I was looking at the Bogner cabs, 100 pounds!! Ouch!! Should be darn solid at that weight.


----------



## Diablo (Dec 20, 2007)

not sure what kind of music youre into, but heres a good vid. theres lots of them on YT. But the sweet spot for this amp is hard rock...not new metal, not country. very hot rodded Marshall territory.





but again, very clean and versatile






IMO one of the best all around modern amps.
the only negatives I have for it, is the price, and theres a lot of stuff to tweak, kinda like a Mesa.


----------



## Pooshoes (Feb 18, 2016)

@pat6969 

I think I have a trade worked out with the owner of that rig you saw, if you want to check it out next time you're in Edmonton let me know!

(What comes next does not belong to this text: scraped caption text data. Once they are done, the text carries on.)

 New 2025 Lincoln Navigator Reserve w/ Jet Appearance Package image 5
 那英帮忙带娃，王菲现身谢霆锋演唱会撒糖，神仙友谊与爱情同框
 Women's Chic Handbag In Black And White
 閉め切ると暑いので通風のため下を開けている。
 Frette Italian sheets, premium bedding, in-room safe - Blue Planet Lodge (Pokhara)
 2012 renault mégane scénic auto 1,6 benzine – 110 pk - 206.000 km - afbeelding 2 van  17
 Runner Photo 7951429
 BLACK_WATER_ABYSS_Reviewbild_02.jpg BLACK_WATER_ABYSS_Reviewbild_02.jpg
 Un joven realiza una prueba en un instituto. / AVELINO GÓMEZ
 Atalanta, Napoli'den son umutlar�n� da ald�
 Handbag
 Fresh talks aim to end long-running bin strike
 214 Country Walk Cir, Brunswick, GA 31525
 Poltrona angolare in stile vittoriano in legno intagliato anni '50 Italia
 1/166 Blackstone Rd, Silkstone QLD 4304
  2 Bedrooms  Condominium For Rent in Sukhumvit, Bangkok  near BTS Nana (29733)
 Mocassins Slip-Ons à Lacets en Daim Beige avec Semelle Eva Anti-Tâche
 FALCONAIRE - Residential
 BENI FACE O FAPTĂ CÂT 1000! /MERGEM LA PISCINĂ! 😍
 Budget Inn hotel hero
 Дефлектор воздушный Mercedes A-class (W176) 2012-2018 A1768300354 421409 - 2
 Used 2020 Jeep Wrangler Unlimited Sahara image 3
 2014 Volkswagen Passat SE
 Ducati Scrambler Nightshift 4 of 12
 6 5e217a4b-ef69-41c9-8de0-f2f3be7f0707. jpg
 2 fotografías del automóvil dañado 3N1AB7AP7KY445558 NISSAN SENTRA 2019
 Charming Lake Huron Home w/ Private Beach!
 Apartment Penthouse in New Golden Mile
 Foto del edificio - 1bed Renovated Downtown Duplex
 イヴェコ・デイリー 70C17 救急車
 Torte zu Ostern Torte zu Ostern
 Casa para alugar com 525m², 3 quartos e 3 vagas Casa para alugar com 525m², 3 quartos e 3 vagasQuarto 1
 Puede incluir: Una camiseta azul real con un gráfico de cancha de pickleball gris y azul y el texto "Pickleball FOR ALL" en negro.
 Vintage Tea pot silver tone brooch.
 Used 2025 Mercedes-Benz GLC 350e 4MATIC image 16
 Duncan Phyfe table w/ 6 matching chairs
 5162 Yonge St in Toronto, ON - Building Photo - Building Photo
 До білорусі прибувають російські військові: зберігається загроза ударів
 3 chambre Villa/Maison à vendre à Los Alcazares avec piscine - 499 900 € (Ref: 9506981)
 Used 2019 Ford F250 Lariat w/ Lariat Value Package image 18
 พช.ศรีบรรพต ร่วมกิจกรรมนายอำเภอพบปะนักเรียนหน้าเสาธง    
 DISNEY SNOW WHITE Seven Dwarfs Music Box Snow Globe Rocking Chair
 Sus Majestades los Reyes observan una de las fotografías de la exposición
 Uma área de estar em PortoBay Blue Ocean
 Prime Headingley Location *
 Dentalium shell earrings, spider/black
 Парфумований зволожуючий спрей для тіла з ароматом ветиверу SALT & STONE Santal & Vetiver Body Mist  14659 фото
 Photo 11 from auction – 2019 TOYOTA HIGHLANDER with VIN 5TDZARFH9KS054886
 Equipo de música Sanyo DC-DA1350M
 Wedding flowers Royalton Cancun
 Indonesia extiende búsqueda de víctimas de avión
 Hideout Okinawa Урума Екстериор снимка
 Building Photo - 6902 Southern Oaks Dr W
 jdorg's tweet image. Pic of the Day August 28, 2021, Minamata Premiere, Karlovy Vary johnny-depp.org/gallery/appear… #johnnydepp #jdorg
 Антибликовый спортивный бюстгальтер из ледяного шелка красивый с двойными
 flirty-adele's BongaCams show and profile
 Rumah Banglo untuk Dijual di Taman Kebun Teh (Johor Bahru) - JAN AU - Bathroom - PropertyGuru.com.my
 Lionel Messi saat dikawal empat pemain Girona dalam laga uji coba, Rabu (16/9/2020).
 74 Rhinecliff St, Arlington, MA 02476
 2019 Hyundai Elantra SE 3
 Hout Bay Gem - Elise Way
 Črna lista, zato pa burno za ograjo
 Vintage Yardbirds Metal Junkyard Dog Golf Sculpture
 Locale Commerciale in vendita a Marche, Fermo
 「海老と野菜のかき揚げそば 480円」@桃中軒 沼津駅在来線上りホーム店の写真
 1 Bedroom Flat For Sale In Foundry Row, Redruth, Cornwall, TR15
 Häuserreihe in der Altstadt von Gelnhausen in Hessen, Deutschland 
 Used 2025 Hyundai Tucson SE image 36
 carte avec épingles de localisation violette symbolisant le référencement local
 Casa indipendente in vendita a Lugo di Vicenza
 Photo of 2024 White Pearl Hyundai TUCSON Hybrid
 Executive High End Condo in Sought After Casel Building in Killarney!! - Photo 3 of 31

I've owned the 20th anniversary xtc 101b and it was absolutely magic. I also had the Bogner 4x12 w/ V30's and preferred it to my Mesa Recto cabs. Weight is the only downside to these rigs.


----------



## pat6969 (Feb 4, 2013)

@Pooshoes 

Ya, I think it would have been a nice rig but we worked out a different deal that didn't include the Bogner. It's just too big for me to lug around.


----------



## Diablo (Dec 20, 2007)

pat6969 said:


> I was looking at the Bogner cabs, 100 pounds!! Ouch!! Should be darn solid at that weight.


I don't think Reinhold has ever made anything that wasn't really good (or over-engineered, in the style of ze Germans).


----------